Published online by Cambridge University Press: 10 January 2011
Augustus' chief concern as a stylist was clarity of expression. To achieve that end he was willing to employ prepositions where their use might, strictly speaking, have seemed redundant. In 50 b.c. Cicero had self-consciously apologized to Atticus for a similar practice. Seven years earlier, among the regulations governing a temple of Jupiter, prepositional phrases occur in place of the expected dative case. The increasing prominence of prepositions in marking syntactic relations previously expressed by case inflection represents one of the most important grammatical developments in the history of Latin.

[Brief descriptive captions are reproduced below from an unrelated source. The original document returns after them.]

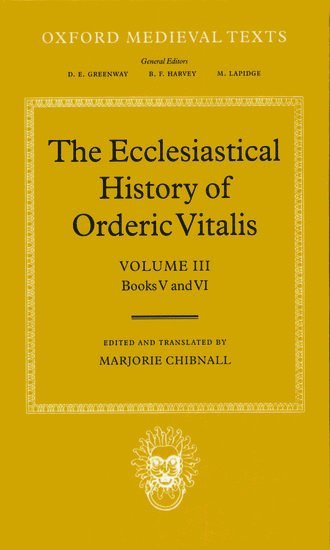 The Ecclesiastical History of Orderic Vitalis: Volume III: Books V and VI 1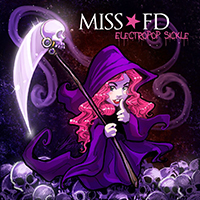 Miss FD - Electropop Sickle (Single)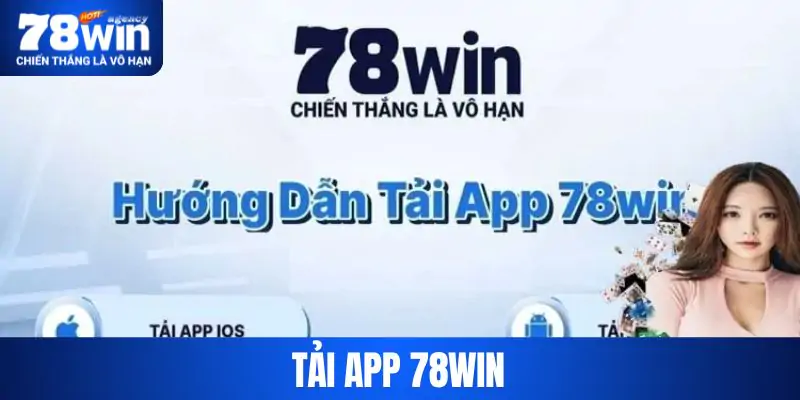 Tải App 78WIN - Trải Nghiệm Giải Trí Siêu Việt Trên Di Động 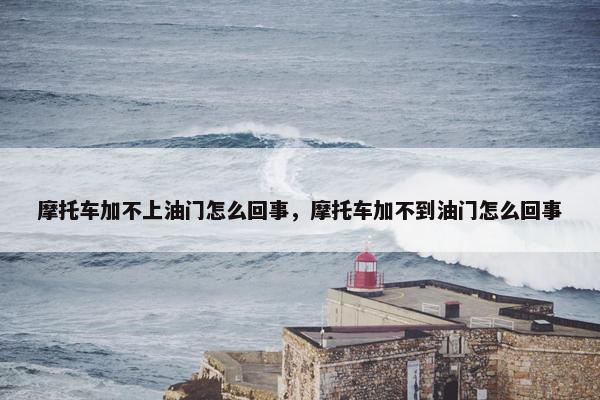 摩托车加不上油门怎么回事，摩托车加不到油门怎么回事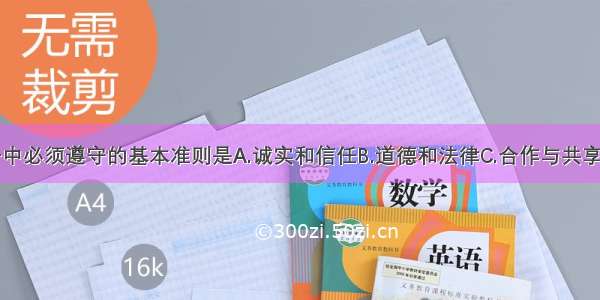 单选题竞争中必须遵守的基本准则是A.诚实和信任B.道德和法律C.合作与共享D.宽容与尊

In addition to presiding over the demise of the inherited case system, Latin prepositional usage has special interest for its exemplification of diverse syntactic and semantic change. Prepositions reflect the expression of time–space relations in the Roman world and play a central role in the construction of idioms. Notable semantic realignments have been occasioned by the interaction between prepositional and prefixational uses of the same form, or of different forms with similar or opposite meanings.
Like other Latin prepositions, prae and pro are commonly discussed in one of two ways. Traditional lexicographers distinguish between ‘literal’ and ‘figurative’ usage, isolating a basic meaning to which all other meanings are presumably subordinate. Thus, according to Lewis and Short, prae is used ‘literally’ when it refers to place, but ‘figuratively’ in comparisons.